A Bloomsbury, raccolta di sei racconti estrapolati dal più ampio A Complete Story (McPherson & Co, New York, 2015), sono la prima occasione di entrare in contatto con questa poliedrica autrice. 

Il primo, da cui il libro prende il titolo, narra l’incontro di cinque fratelli londinesi con i loro due cugini, mai conosciuti prima e cresciuti in Sud Africa. Prima a Parigi, poi a Londra e infine in una casa di campagna il rapporto passa attraverso una sana curiosità reciproca per arrivare a una diffidenza senza prove in cui i primi accusano i secondi di aver ucciso un fratellastro nato da madre bantù e dunque di pelle nera. Così la Butts in un colpo solo colpisce il razzismo insito nel colonialismo (è chiaro il disprezzo che i cugini sud africani provano per il loro fratello di sangue bantù, morto da poco e che comunque avrebbero evitato di portarsi in Europa) da una parte, e dall’altra i pregiudizi dei londinesi colti e aperti, che finiscono per fermarsi anche loro alle apparenze e per accusare senza prove gli “altri”, i cugini venuti da lontano, di un delitto che forse non è nemmeno stato commesso: «Si può essere talmente inclini ai pregiudizi...», «Sapevamo ora come l’ignoranza e la crudeltà avessero coltivato la paura, e la paura un omicidio, e l’omicidio nuova paura, così che il desiderio che li aveva spinti a uccidere due volte non si era mai potuto manifestare» dicono i loro i fratelli londinesi, impauriti dall’idea di ospitare in casa due assassini di tal sorta e pronti a cacciarli senza lasciar loro il tempo di ribattere. Come a chiedersi – e quanto è attuale in questo la Butts! –, a cosa servono allora «un’educazione ammirevole» e tante sfumature intellettuali, se poi ci si fa imprigionare a propria volta da paure e diffidenza? 

 

In Dall’altare al soprammobile del camino, troviamo invece una descrizione dell’amore per Parigi, i suoi vicoli e i suoi boulevard che dovevano provare gli artisti e intellettuali che vi confluivano all’epoca, e insieme però apre a un’altra Parigi, nascosta in alcuni salotti, fatta di eleganti fattucchiere, di sette esclusive, di intrattenimenti “formali e molto ricercati”, in cui si cullano segreti “condivisi e noti a tutti” ma taciuti e chissà, forse inesistenti (come non pensare qui al Pendolo di Foulcault di Umberto Eco?) che però possono inghiottire e distruggere qualche giovane anima troppo entusiasta e influenzabile. 

In Con e senza bottoni e in Brightness falls si rimanda ad avvenimenti sovrannaturali, magia, pratiche occulte, in A Baysewater ad amori omosessuali tra due o forse tre uomini e ad oscuri rapporti di potere all’interno di una famiglia. 

 

Con una prosa a volte molto poetica, l’autrice sembra voler mantenere un tratto di elusività (forse acuita da una traduzione non sempre precisa) che rende talvolta alcuni dialoghi o passaggi d’azione sfuggenti o confusi.

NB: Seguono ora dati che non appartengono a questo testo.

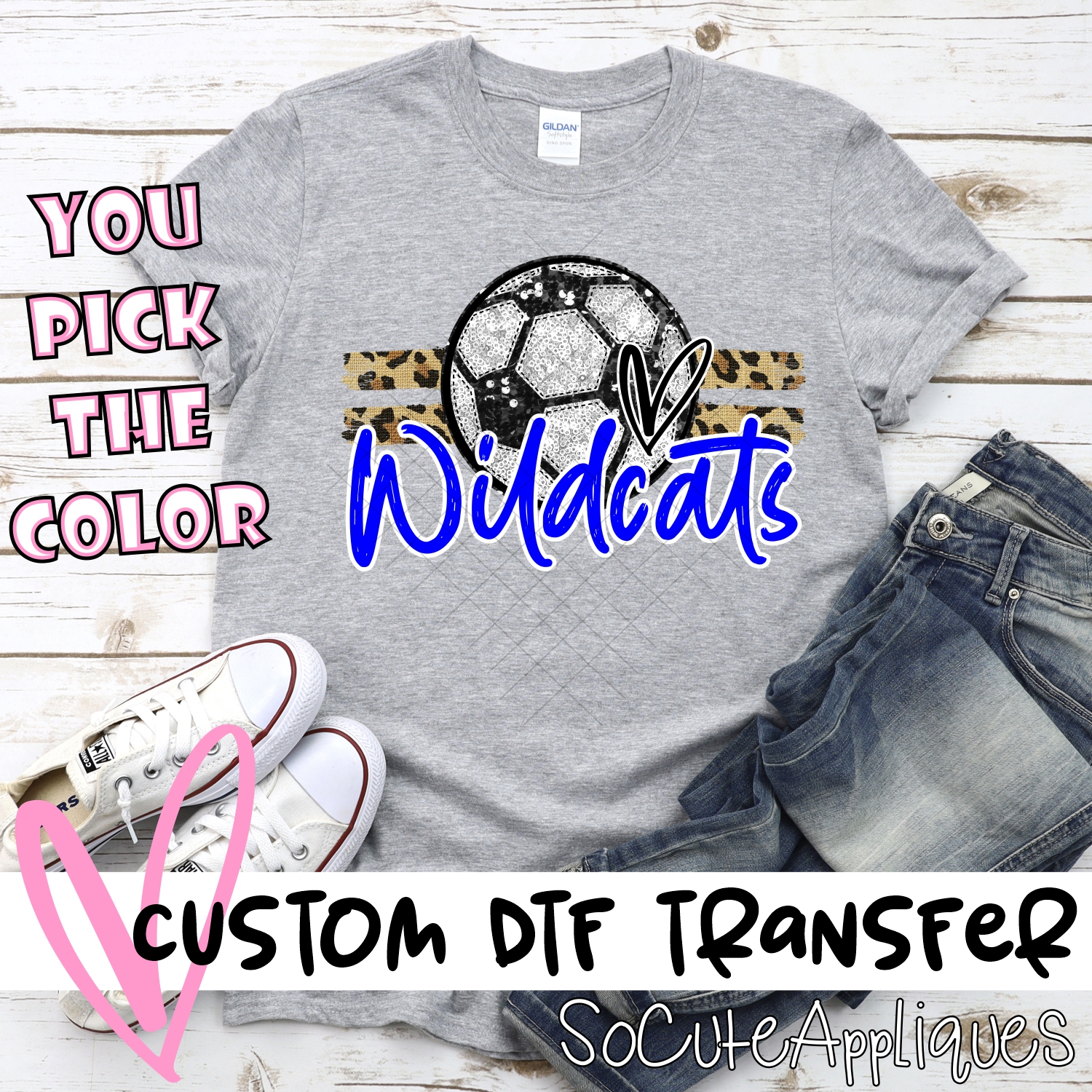 CUSTOM WILDCATS (faux) glitter Soccer on leopard stripes *DTF* Transfer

Come se, in qualche modo, la Butts volesse insieme criticare e aderire tanto nei temi quanto nello stile a certi caratteri di quell’occultismo, a quella tensione esoterica al segreto e al non detto – e come se, allo stesso tempo, fosse in grado di vederne le falle con lucidità e d’altra parte portata a perdercisi e scivolarci dentro. 

 

Mary Butts è un personaggio emblematico di quella generazione sospesa al limite del baratro proprio perché contiene in sé due anime, quella che in tanti altri scrittori e scrittrici dell’epoca guardava al marxismo, e quella, infinitamente affascinante ma estremamente pericolosa, che ha portato a fare un passo di troppo, e a lanciarsi senza freni in quel tentativo di autoannientamento che ci è mancato poco riuscisse – rischio che non è poi così lontano da noi, oggi.